L’horloge comtoise de Marc Barrard est tout de même très fatiguée et s’empêtre dans son débit de texte. Le timbre tire dans l’aigu et est globalement pâlot, ce qui se confirme dans un Chat aux miaulements assez pénibles.
Jean-Paul Fouchécourt est certainement très à son aise dans les rôles de la Théière, du Petit vieillard et de la Grenouille. Certainement trop à son aise. Si les jeux avec le rythme et les changements de timbre peuvent faire sourire dans le Fox-trot de la première partie, cela devient franchement trop dans la scène de l’Arithmétique. Certes, c’est haut et on ne sait pas trop sur quel pied danser entre voix de tête et voix de poitrine, mais cela ne justifie ni les caricatures grossières, ni le style plus crié que chanté (cf. « Deux robinets coulent dans un réservouarghl !»). On regrette l’enregistrement effectué avec Simon Rattle, où le ténor savait jouer avec la musique sans se faire caillou dans la chaussure.

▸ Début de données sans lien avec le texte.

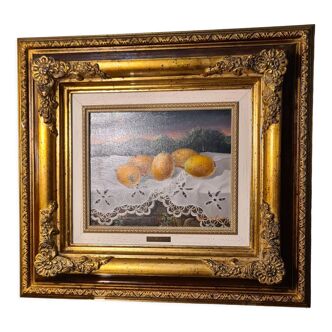 Painting by Perez Enero signed Still Lifes, H49x55 Superb framing very rare, because to paint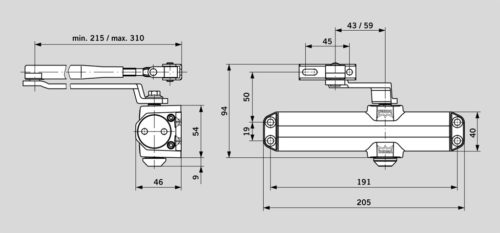 Доводчик  DORMA  Compakt EN 2/3/4 (до120 кг) (серебро)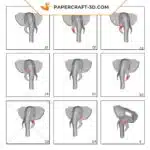 Papercraft tête d&rsquo;éléphant origami papier 3D, weergave 7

Ingrid Perruche clôt la distribution avec une Chauve-souris et une Pastourelle malheureusement trop fatiguées et poussives pour pouvoir assumer le dynamisme et/ou la légèreté nécessaires.
Les chaussures du Chœur Britten et du Jeune Chœur symphonique sont élégantes, propres et cirées. La scène des Pastoures et Pâtres baigne dans une belle atmosphère diaphane, et les colorations bruitistes dans le Jardin peuvent être savourées dans le moindre détail. Le parlando après l’attaque de l’Enfant est bien contrôlé, ce qui est tout à l’avantage du texte. Enfin, le chœur final est très touchant, évitant soigneusement l’écueil de l’ultra-lyrisme ou du mielleux, qui seraient déplacés dans de telles circonstances. Les (vrais) enfants de la Maîtrise de l’Opéra de Lyon viennent compléter le tableau en trouvant tout à fait leur place dans la scène de l’Arithmétique.
L’article pourrait se clore ici, s’il n’y avait pas la jaquette du CD, qui fait davantage penser à l’animation d’un mauvais jeu vidéo qu’à une pochette d’album digne de ce nom. Sommes-nous fétichistes, ou incapables de lever la tête pour être à ce point obnubilés par la contemplation de nos pieds (ou de ceux des autres) ? Ce qui démarque la personnalité de Ravel de celle des autres compositeurs, c’est un souci du détail esthétique, de l’apparence, de la touche chic qui évite le mauvais goût. Pensez à la couverture de l’édition du Tombeau de Couperin, que le compositeur dessina lui-même.
Est-ce que ce n’est pas un peu exagéré de fonder un article dessus ? Certainement, le reproche est légitime, mais c’est le vernis inutile et donc indispensable de la chaussure.